::: Exercise data
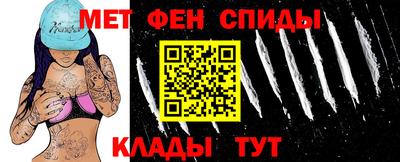 спиды Боровичи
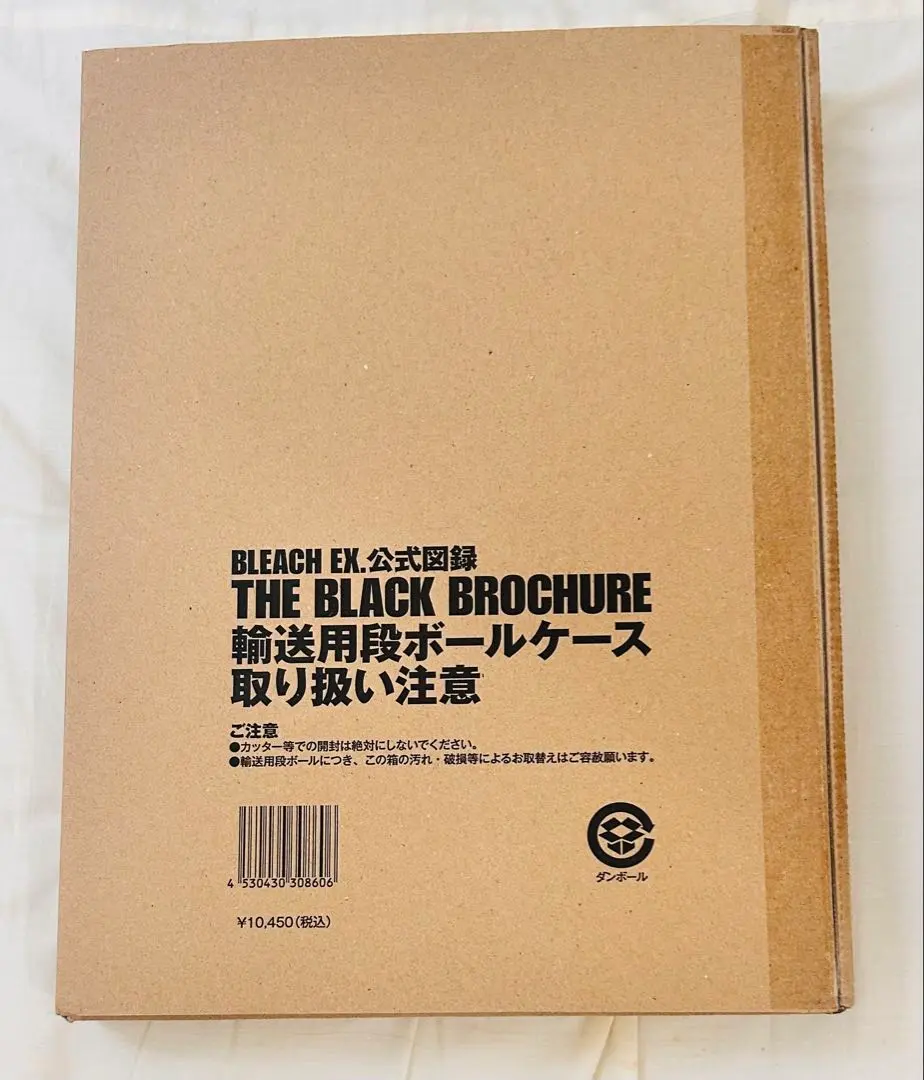 2025年最新】bleach ex 公式図録の人気アイテム - メルカリ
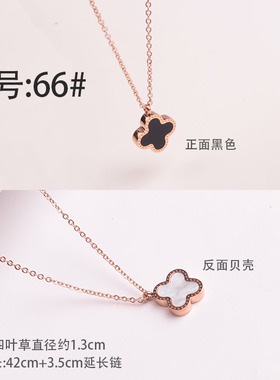 钛钢镀18k玫瑰金ins潮风锁骨链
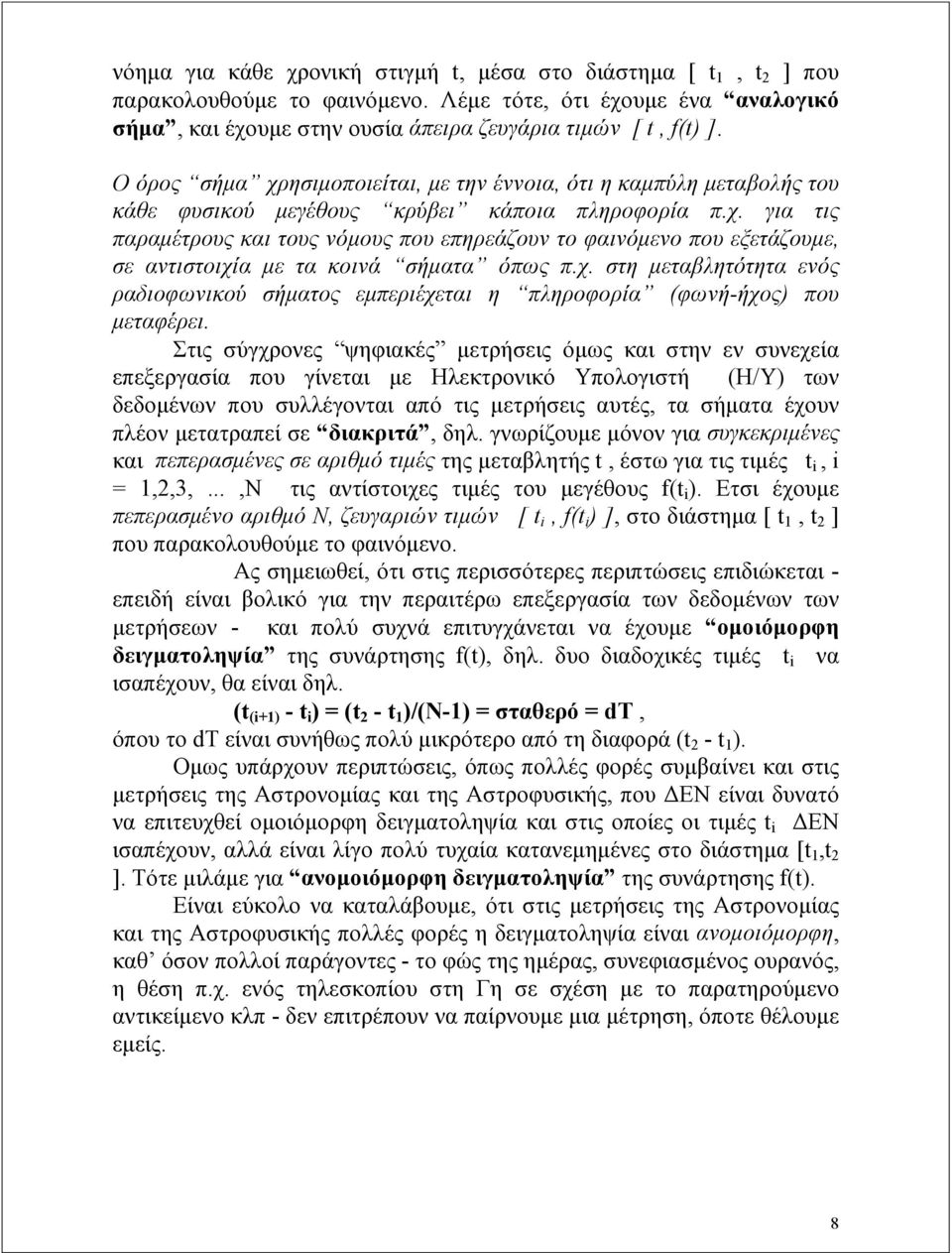 χ. στη μεταβλητότητα ενός ραδιοφωνικού σήματος εμπεριέχεται η πληροφορία (φωνή-ήχος) που μεταφέρει.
::::::
- Task prompt: The listing above must be printed again exactly, minus its pictures.

- Answer space:
 спиды Боровичи
 2025年最新】bleach ex 公式図録の人気アイテム - メルカリ
 钛钢镀18k玫瑰金ins潮风锁骨链
 χ. στη μεταβλητότητα ενός ραδιοφωνικού σήματος εμπεριέχεται η πληροφορία (φωνή-ήχος) που μεταφέρει.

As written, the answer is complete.